[Supplied information]
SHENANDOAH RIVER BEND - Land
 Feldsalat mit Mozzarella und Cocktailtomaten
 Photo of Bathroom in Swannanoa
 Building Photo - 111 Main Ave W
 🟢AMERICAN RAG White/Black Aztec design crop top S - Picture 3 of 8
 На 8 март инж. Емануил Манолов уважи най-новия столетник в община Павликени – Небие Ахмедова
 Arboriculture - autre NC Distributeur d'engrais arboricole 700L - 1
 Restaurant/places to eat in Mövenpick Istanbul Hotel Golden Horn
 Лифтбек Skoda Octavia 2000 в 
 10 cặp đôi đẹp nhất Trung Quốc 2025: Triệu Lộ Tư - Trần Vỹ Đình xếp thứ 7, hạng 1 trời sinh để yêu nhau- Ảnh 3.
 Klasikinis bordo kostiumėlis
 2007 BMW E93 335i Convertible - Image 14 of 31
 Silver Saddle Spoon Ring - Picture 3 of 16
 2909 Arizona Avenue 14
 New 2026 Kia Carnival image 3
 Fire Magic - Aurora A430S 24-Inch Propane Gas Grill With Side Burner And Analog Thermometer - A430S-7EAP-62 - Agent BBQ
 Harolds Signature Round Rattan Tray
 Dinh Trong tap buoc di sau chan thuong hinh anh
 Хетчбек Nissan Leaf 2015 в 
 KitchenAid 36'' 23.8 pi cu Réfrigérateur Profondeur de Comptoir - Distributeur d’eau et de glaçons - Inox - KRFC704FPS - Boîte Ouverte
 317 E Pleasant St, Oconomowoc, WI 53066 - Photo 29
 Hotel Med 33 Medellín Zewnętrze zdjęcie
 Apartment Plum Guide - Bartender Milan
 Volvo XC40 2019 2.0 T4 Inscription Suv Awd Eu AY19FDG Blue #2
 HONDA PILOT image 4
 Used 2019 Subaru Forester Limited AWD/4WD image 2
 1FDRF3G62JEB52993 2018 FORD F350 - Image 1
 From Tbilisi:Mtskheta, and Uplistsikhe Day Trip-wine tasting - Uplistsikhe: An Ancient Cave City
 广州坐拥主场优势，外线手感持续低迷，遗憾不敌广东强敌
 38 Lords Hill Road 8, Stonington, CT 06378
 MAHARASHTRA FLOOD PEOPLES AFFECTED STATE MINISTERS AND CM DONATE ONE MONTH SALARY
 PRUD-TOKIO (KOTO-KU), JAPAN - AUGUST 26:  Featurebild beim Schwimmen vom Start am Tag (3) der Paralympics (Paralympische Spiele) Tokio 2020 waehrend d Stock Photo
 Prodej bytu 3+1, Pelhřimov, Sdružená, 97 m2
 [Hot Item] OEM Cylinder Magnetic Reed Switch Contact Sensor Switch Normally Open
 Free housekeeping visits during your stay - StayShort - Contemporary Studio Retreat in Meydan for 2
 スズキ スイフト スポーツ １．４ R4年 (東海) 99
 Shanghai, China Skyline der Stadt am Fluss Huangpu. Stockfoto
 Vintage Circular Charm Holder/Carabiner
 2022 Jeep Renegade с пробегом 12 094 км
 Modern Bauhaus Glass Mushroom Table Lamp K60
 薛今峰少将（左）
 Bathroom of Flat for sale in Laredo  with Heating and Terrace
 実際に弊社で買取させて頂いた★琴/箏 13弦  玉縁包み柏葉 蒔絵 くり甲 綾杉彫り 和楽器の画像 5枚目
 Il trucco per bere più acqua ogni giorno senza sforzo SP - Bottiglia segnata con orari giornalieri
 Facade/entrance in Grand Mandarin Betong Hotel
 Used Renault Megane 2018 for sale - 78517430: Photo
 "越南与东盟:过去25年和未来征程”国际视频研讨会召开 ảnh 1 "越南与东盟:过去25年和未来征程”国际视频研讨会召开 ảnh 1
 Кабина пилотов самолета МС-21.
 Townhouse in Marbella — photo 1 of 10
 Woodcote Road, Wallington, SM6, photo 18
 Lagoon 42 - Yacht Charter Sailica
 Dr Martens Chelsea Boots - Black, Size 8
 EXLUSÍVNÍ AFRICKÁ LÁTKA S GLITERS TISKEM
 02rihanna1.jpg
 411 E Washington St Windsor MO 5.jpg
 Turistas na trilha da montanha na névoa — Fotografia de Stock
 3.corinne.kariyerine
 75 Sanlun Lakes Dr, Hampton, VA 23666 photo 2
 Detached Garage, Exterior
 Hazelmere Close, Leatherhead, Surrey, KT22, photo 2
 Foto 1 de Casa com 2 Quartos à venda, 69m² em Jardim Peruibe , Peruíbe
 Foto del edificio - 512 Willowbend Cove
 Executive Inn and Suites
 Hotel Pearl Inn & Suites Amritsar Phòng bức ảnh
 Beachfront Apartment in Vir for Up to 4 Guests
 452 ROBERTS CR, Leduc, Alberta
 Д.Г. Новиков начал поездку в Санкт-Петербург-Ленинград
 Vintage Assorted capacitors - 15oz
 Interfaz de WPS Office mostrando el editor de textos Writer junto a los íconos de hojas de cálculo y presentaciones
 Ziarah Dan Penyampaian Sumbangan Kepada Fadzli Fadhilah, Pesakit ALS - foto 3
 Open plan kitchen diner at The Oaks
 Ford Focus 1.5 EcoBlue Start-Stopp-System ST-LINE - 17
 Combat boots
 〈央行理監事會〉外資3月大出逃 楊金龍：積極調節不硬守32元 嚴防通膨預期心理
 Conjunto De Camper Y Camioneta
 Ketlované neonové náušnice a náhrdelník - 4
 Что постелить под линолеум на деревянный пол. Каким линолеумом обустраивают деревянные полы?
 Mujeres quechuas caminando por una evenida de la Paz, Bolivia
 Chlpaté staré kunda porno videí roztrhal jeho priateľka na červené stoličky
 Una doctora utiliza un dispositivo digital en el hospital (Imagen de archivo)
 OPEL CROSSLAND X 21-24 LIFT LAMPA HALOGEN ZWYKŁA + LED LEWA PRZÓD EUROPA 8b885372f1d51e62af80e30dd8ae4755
[/Supplied information]
— Instructions to follow —
Lines from the beginning of the data above through the line containing "Хетчбек Nissan Leaf 2015 в" are to be returned exactly, and no others.

— Written answer —
SHENANDOAH RIVER BEND - Land
 Feldsalat mit Mozzarella und Cocktailtomaten
 Photo of Bathroom in Swannanoa
 Building Photo - 111 Main Ave W
 🟢AMERICAN RAG White/Black Aztec design crop top S - Picture 3 of 8
 На 8 март инж. Емануил Манолов уважи най-новия столетник в община Павликени – Небие Ахмедова
 Arboriculture - autre NC Distributeur d'engrais arboricole 700L - 1
 Restaurant/places to eat in Mövenpick Istanbul Hotel Golden Horn
 Лифтбек Skoda Octavia 2000 в 
 10 cặp đôi đẹp nhất Trung Quốc 2025: Triệu Lộ Tư - Trần Vỹ Đình xếp thứ 7, hạng 1 trời sinh để yêu nhau- Ảnh 3.
 Klasikinis bordo kostiumėlis
 2007 BMW E93 335i Convertible - Image 14 of 31
 Silver Saddle Spoon Ring - Picture 3 of 16
 2909 Arizona Avenue 14
 New 2026 Kia Carnival image 3
 Fire Magic - Aurora A430S 24-Inch Propane Gas Grill With Side Burner And Analog Thermometer - A430S-7EAP-62 - Agent BBQ
 Harolds Signature Round Rattan Tray
 Dinh Trong tap buoc di sau chan thuong hinh anh
 Хетчбек Nissan Leaf 2015 в 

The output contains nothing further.